The start of that day was already a battle. Waking up in the morning to be in time for our 8:30 call time with my adviser is the hardest thing on earth. I rushed to the bathroom and went straight to school but still lacked time management–arriving at 9am. We edit our paper until 12 and after a lunch break with friends and PH people, we decided to go back and edit our paper again.
Then, a harder battle happened.
We run through and fro the computer shop to other then print out thesis to finally pass it. The Globe’s unlimited call and text helped a lot. Nin and I were the one to print the paper while Moi was the one to run around and look for our panelist and sign our paper. When she called that Ma’am Nina signed it, we’re all fussing. It’s 3:30 and we’re beating a four-o’clock-deadline.

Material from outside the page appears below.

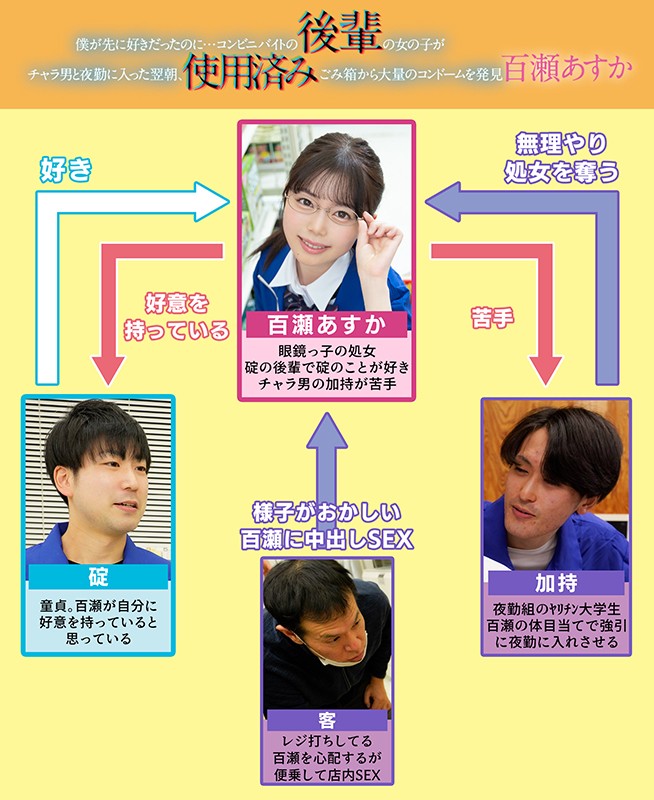 「足/脚」 僕が先に好きだったのに…コンビニバイトの後輩の女の子がチャ...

However, everything messed up. Our other panelist went home that left us with only one signature and after a long conversation with our adviser and RDD director, we finally accepted the defeat. We aren’t able to pass our ready paper because of two missing signatures. It broke my heart and I know, Nin’s too.
The walk at the hallway to the dean’s office was the critical condition. I wanted to cry for bitterness and anger but at the back of my mind, I am telling my self to be composed. That letter will save our goal–it will make us pass our paper on monday. In the Dean’s office, it was another downer because of the lack of signature but our dean was kind enough to sign it.
Going to the RDD director, I was full of bad vibes and when He finally signed on it, I felt a relief but also a still small voice telling me my defeat. Then, something happened. He uttered words that lifted my spirit up–we are nominated for the best thesis award.
Now, I understood why we didn’t passed out thesis on time–because God doesn’t just want me to be happy. He wants me to be the happiest. And true enough, we will never understand how God works. You might see your self troubled but at the end, everything works for good.